While UBS was able to recover, Credit Suisse struggled and faced numerous crises, resulting in billions of dollars in fines for their involvement in various scandals, such as foreign exchange market manipulation, foreign bribery, and drug money laundering. One of its former chief executives, Tidjane Thiam, was removed from his position due to the surveillance of employees.
Furthermore, Credit Suisse has experienced embarrassing trading disasters, such as the loss of $5.5 billion tied to the collapse of the investment firm Archegos. By the time the bank announced its turnaround initiative in October, investors and analysts were doubtful that the bank could succeed, even with a new chief executive (its third in three years) and $4 billion in new capital led by the state-owned Saudi National Bank.
However, a continuous stream of negative news followed, including the disclosure that Credit Suisse had lost $147 billion worth of customer deposits in the last quarter of 2022. The collapse of Silicon Valley Bank, located 5,800 miles away, added to the shockwave in the global banking sector.
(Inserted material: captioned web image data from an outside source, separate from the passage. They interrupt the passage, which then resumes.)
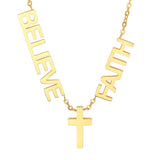 Faith, Believe & Cross Necklace From Steel Time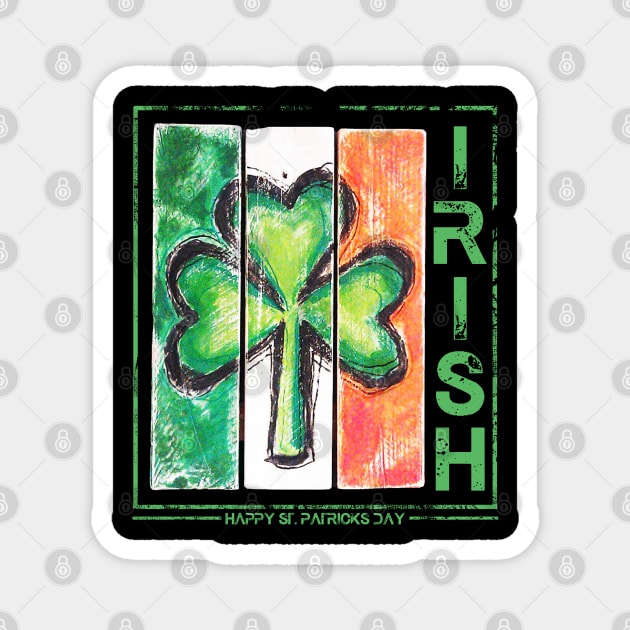 Irish - happy st patricks day Magnet by Mortensen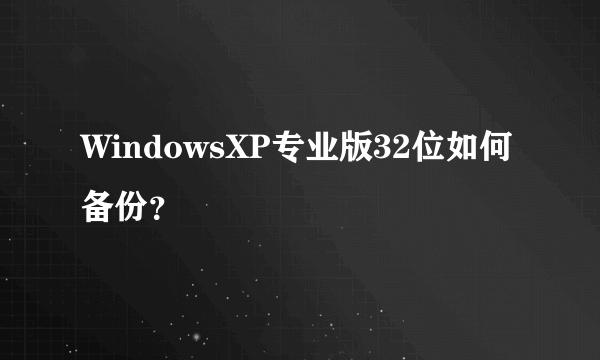 WindowsXP专业版32位如何备份？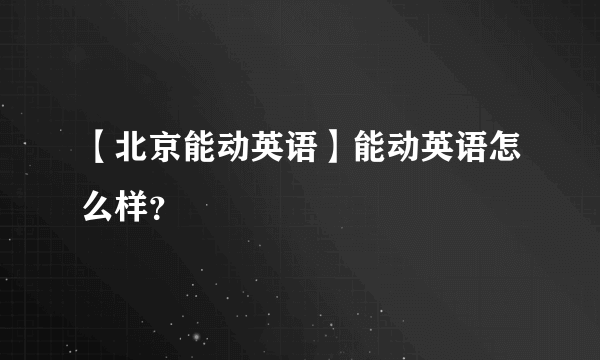 【北京能动英语】能动英语怎么样？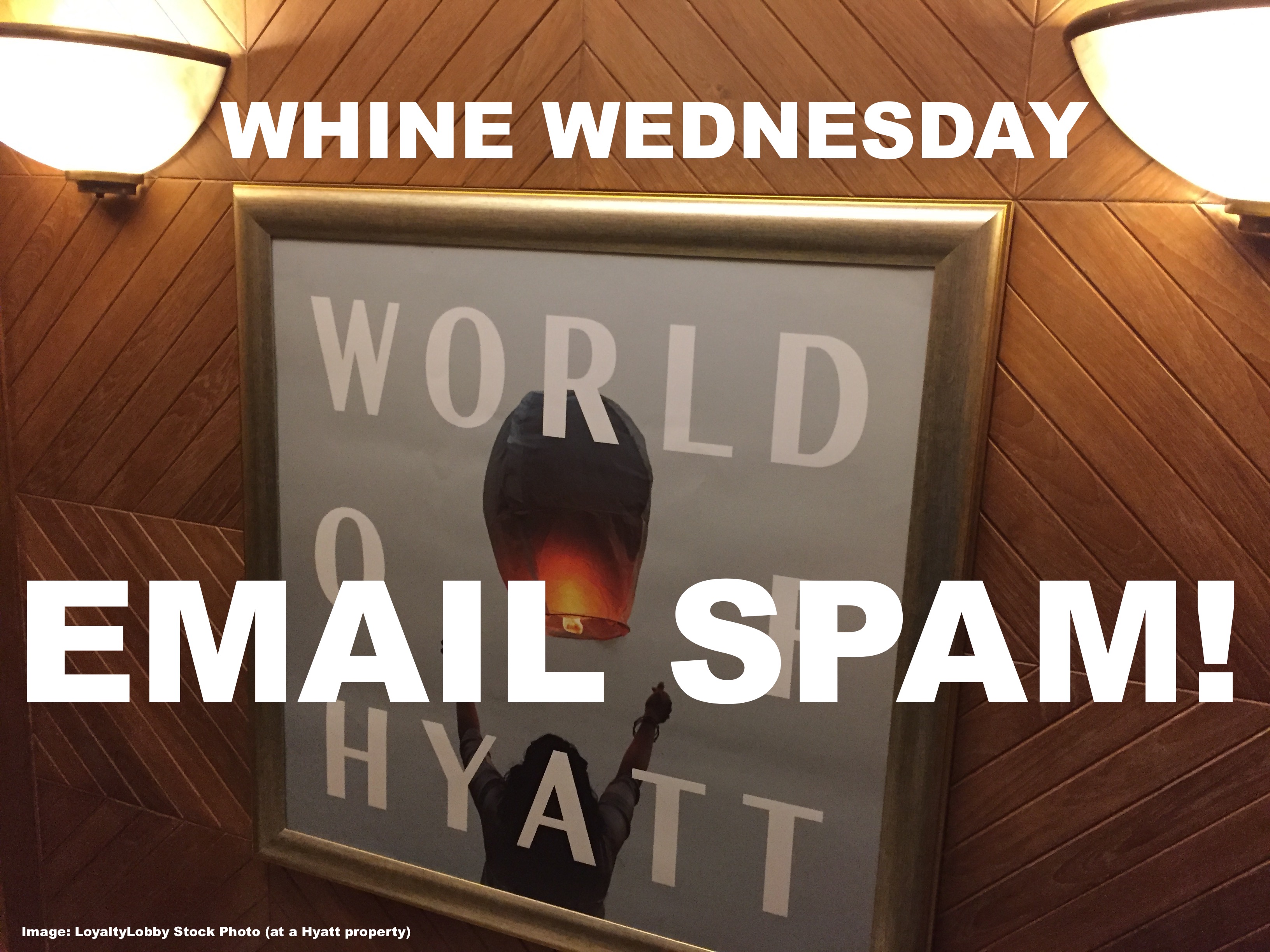 Whine Wednesdays Email Spam From Hyatt Hotels After Completing Booking As A Non Member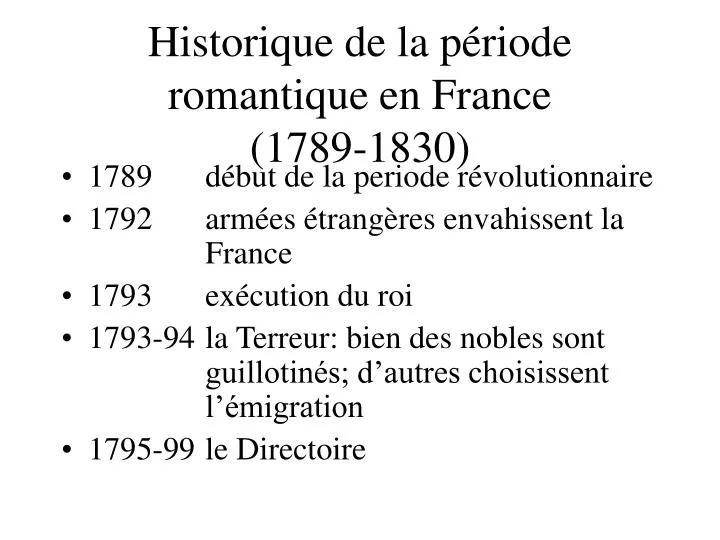 historique de la p riode romantique en france 1789 1830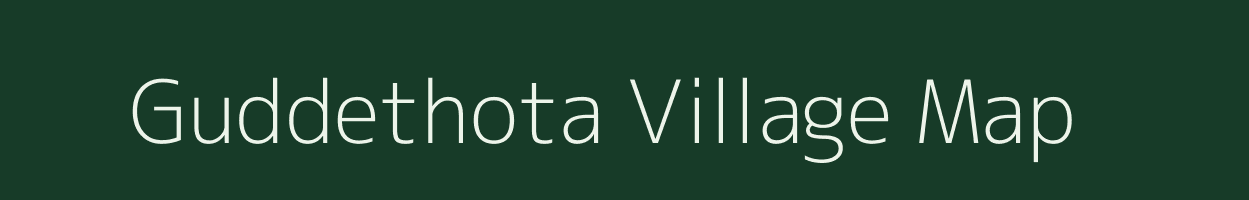 Guddethota village map in Karnataka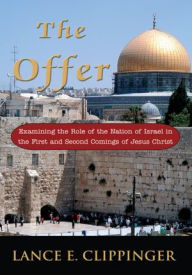 Title: The Offer: Examining the Role of the Nation of Israel in the First and Second Comings of Jesus Christ, Author: Lance Clippinger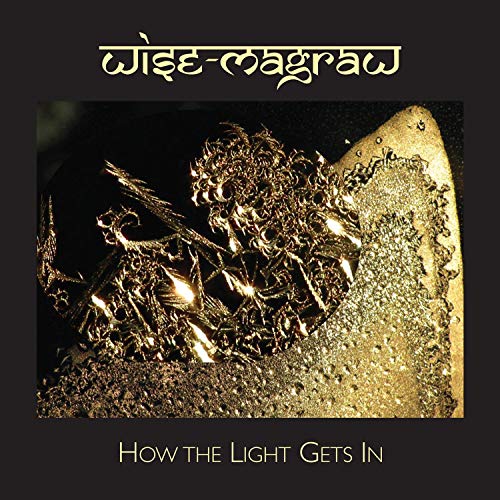 Wise - Magraw / How The Light Gets In - CD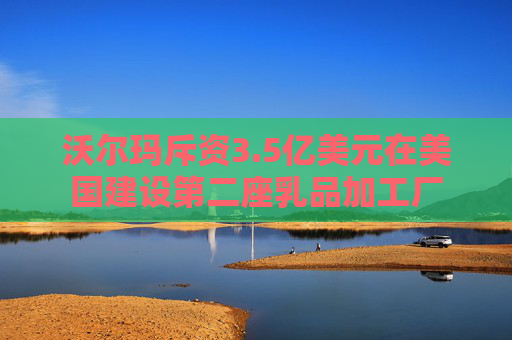 沃尔玛斥资3.5亿美元在美国建设第二座乳品加工厂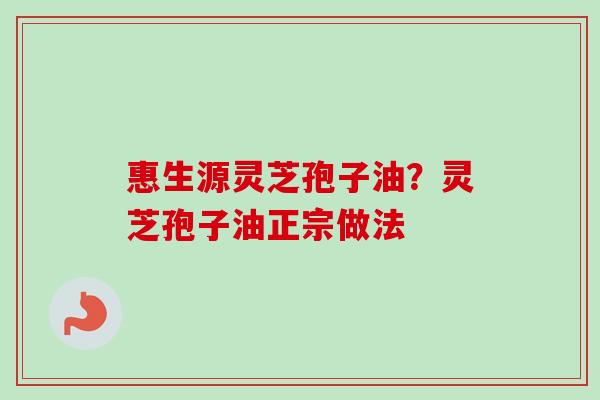 惠生源灵芝孢子油?灵芝孢子油正宗做法 惠生源灵芝孢子油?灵芝孢子油正宗做法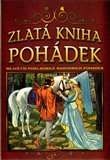 Zlatá kniha pohádek - Největší pokladnice národních pohádek - 2. vydání - obálka
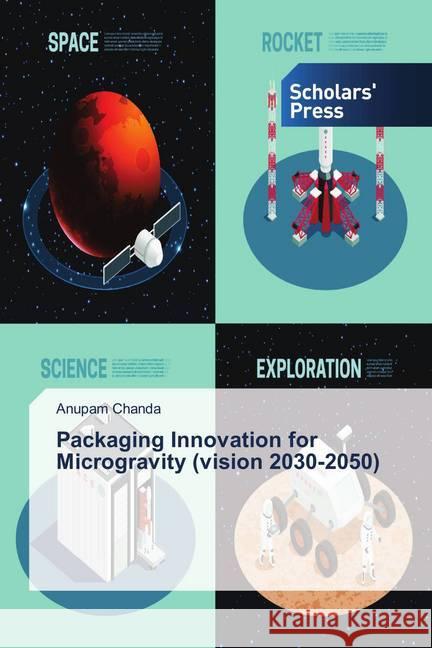 Packaging Innovation for Microgravity (vision 2030-2050) Chanda, Anupam 9786138771395 Scholar's Press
Credit Suisse's concerns were further exacerbated by untimely events. On Tuesday, the bank revealed "material weaknesses" related to its financial reporting, but maintained that its accounting was sound. On Wednesday, the chairman of Saudi National Bank, Ammar al-Khudairy, stated that his bank would not invest further in Credit Suisse, although he later clarified that this was due to regulatory reasons. Nevertheless, investors were unsettled, as Credit Suisse's largest shareholder could not be relied upon to participate if the bank attempted to raise additional capital.
By Thursday morning, Swiss regulators had publicly certified the strength of Credit Suisse's balance sheet, and the bank announced that it would avail of the Swiss central bank's support. However, the bank's stock and bond prices continued to decline, and the cost of purchasing insurance contracts against the possibility of the firm's default rose to alarmingly high levels.
By Friday, analysts predicted that despite the relative stability of Credit Suisse's balance sheet, the continued decline in confidence would compel the firm to take more drastic measures.
Sunday's agreement is, in some ways, advantageous for UBS as it cements its position as the top bank in Switzerland and has the potential to strengthen its core wealth management business, while also acquiring Credit Suisse's highly respected Swiss retail banking division.
"The total value of Credit Suisse's parts is far greater than what UBS is paying," Johann Scholtz, an analyst at Morningstar, stated in an email.
However, UBS has the responsibility of largely closing down its competitor's investment bank and will most likely have to make significant redundancies among Credit Suisse's staff.
Some analysts have also raised concerns that UBS may face legal action associated with the takeover. Nevertheless, executives have responded that Swiss government regulators have made decisions regarding some of the most contentious issues.